An unpublished opinion of the North Carolina Court of Appeals does not constitute controlling legal authority. Citation is disfavored, but may be permitted in accordance with the provisions of Rule 30(e)(3) of the North Carolina Rules of Appellate Procedure. Edgecombe County, Nos. 14 CRS 53269, 15 CRS 1140 Appeal by defendant from judgments entered 5 October 2016 by Judge Milton F. Fitch Jr. in Edgecombe County Superior Court. Heard in the Court of Appeals 19 February 2018. Attorney General Joshua Stein, by Special Deputy Attorney General Daniel P. Mosteller, for the State. Appellate Defender Glenn Gerding, by Assistant Appellate Defender Daniel L. Spiegel, for defendant-appellant. BRYANT, Judge.
Where the State presented sufficient evidence to overcome defendant's motion to dismiss the charge of conspiracy to discharge a firearm into an occupied dwelling, we affirm the trial court's denial of defendant's motion to dismiss. Where the trial court entered a written judgment sentencing defendant to a term different than the term rendered during the sentencing phase of the trial, we vacate the sentence imposed and remand for a new sentencing hearing.
On 9 March 2015, a grand jury indicted Tyshawn Williams ("defendant") for discharging a firearm into an occupied dwelling, conspiracy to discharge a firearm into an occupied dwelling, assault with a deadly weapon with intent to kill, attempted first-degree murder, and conspiracy to commit first degree murder. A trial was commenced on 3 October 2016 in Edgecombe County Superior Court, the Honorable Milton F. Fitch Jr., Judge presiding. For the trial, the State proceeded on the charges of discharging a firearm into an occupied dwelling, conspiracy to discharge a firearm into an occupied dwelling, and assault with a deadly weapon with intent to kill. The State dismissed the charges of attempted first-degree murder and conspiracy to commit first-degree murder.
The evidence tended to show that on the evening of 23 October 2014, Meleec Greene drove from Greenville, in Pitt County, to Princeville, in Edgecombe County, to pick up defendant. Greene then drove to Farmville to pick up Kenquasis McKenzie, who was also an acquaintance of Greene's. Greene testified that he then proceeded to drive to an apartment complex in Princeville to "meet some females." Defendant, Green, and McKenzie parked and stayed outside the Princeville apartment complex for ten minutes. While there, conflicting evidence indicates that either defendant or McKenzie stepped out of the vehicle and conversed with Kendrick Battle, a high- ranking member of the Bloods street gang. Battle had an ongoing dispute with a person named Reggie Herring (Reggie). Battle provided a loaded assault rifle and directed the group in the car to the residence of Annie Herring (Annie), Reggie's mother. Per Greene, Battle wanted Annie's house "shot up."
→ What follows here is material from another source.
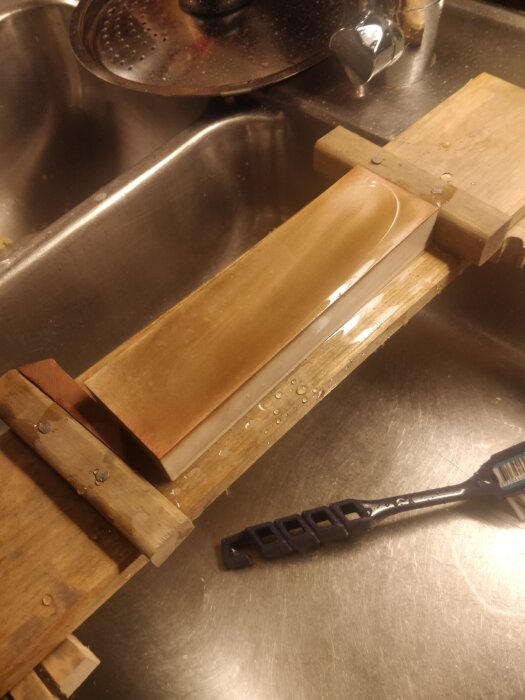 Slipsten för knivslipning på en diskbänk bredvid en svart tandborste.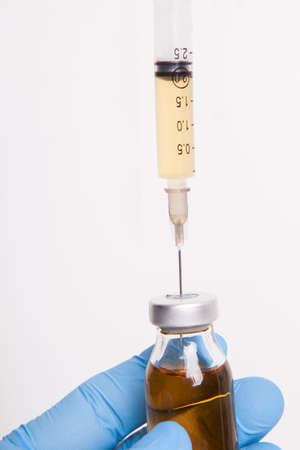 The doctor is holding medicine bottle and syringe.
At trial, conflicting evidence was introduced as to the events that occurred after Battle provided the assault rifle. Greene testified that defendant directed him where to drive, turn, and stop. Defendant then exited the vehicle with the assault rifle. A minute or two later, Greene recounted hearing gunshots followed by defendant running back to the car with the assault rifle. Defendant testified that McKenzie met with Battle at the apartment complex and that McKenzie exited the vehicle with the assault rifle near Annie's house.
During the early morning hours of 24 October 2014, Annie was in her residence of thirty-eight years, lying in bed asleep. Her thirty-nine-year-old daughter Katrina was also there asleep. Annie's son, Reggie, was not present. About 1:15 a.m., Annie awoke to the sound of bullets hitting her home and shattering her bedroom window. At least ten bullets penetrated Annie's house. Based on the location of the shell casings, the shooter was within fifty to sixty feet of Annie's bedroom.
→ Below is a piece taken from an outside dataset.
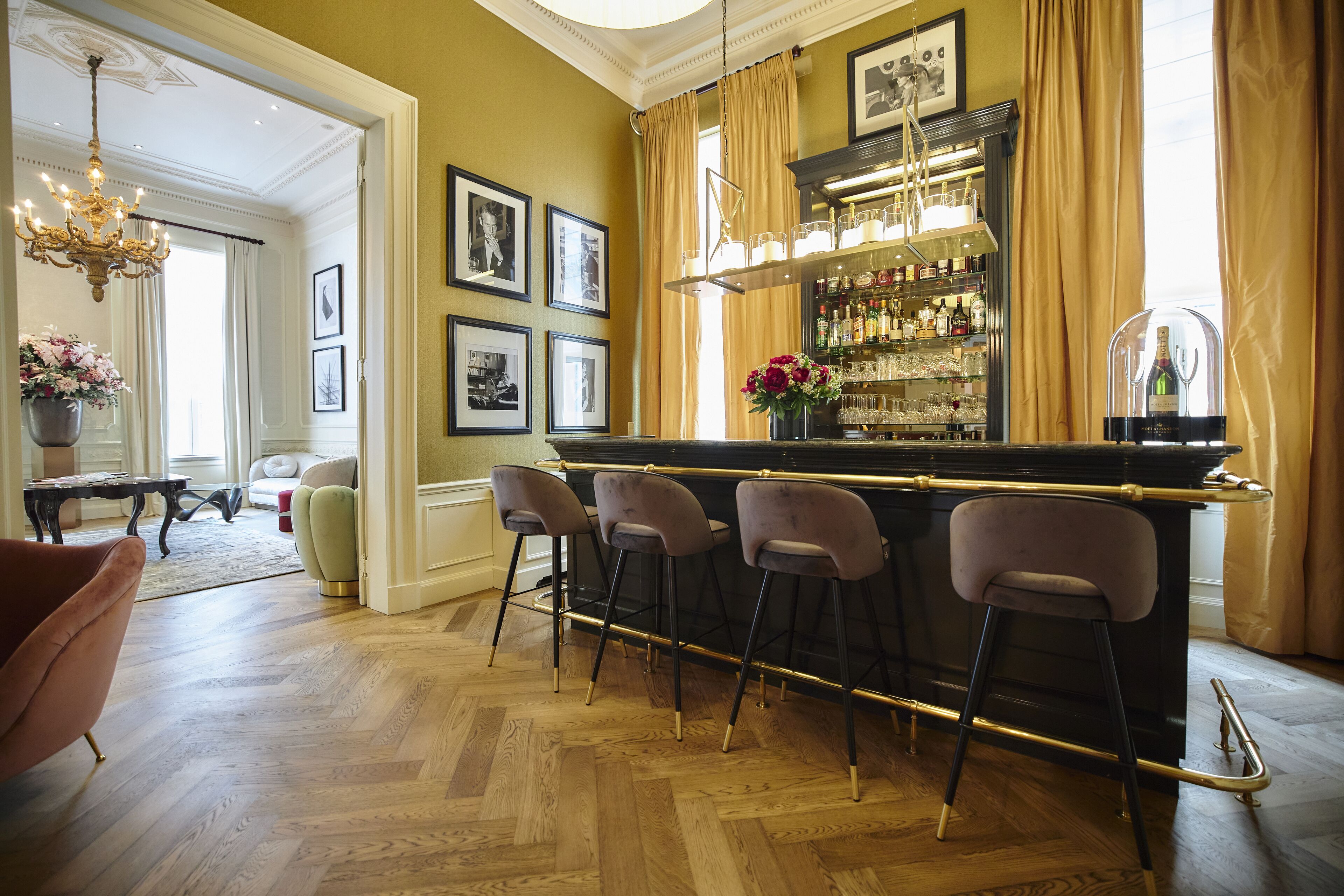A bar area with a wooden herringbone floor, bar stools, a wine glass display, and a chandelier.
After the shooting, Greene drove the car away from Annie's house. The sound of ten to fifteen gunshots around 1:00 a.m. drew the attention of Edgecombe County Deputy Sheriff Dustin Whitehurst who was on routine patrol duty. Deputy Whitehurst drove toward the gunshots and spotted a speeding car.
Greene observed that they were being pursued by a law enforcement officer and pulled his car into a driveway. Deputy Whitehurst pulled in behind Greene's vehicle, activated his blue lights, exited his cruiser, and instructed the vehicle occupants to keep their hands where he could see them. At first, the vehicle occupants complied with Deputy Whitehurst's instructions, but when he stepped to the rear of the vehicle, all three occupants jumped out of the car and ran. Several additional deputies soon arrived at the scene along with a pair of K-9 officers. The K-9 officers found both defendant and McKenzie hiding in a nearby wooded area. Greene evaded immediate capture but turned himself in to the Edgecombe County Sheriff's Department on 4 November 2014. On the floorboard of Greene's car, Deputy Whitehurst found the assault rifle used to fire shots into Annie's residence. At trial, a forensic scientist with the State Crime Lab determined that DNA on the rifle did not include McKenzie's DNA but that defendant could not be excluded as a possible contributor.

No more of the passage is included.